TASK PROMPT: Everything in the listing below needs restating exactly, apart from the pictures.

GIVEN MATERIAL:

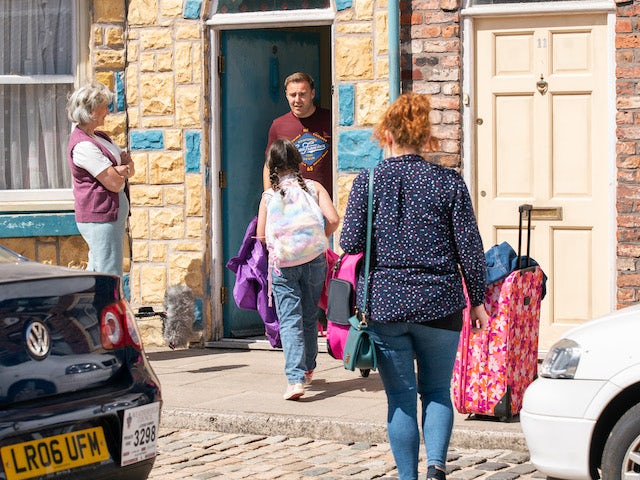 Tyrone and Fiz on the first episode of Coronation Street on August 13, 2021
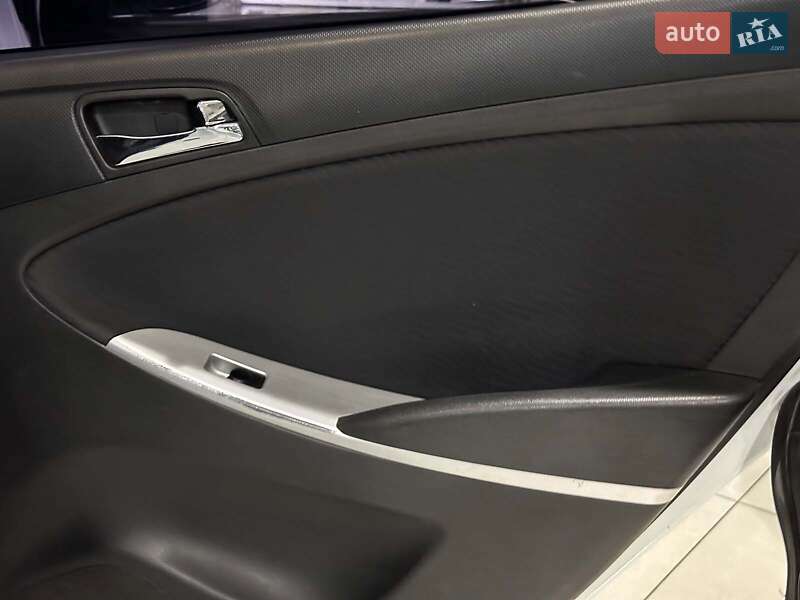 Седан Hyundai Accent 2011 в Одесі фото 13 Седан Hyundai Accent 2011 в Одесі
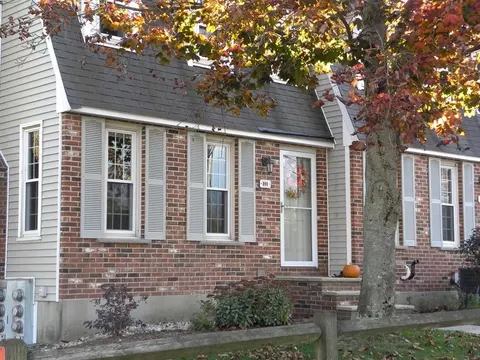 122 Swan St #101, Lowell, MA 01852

WRITTEN ANSWER:
 Tyrone and Fiz on the first episode of Coronation Street on August 13, 2021
 Седан Hyundai Accent 2011 в Одесі фото 13 Седан Hyundai Accent 2011 в Одесі
 122 Swan St #101, Lowell, MA 01852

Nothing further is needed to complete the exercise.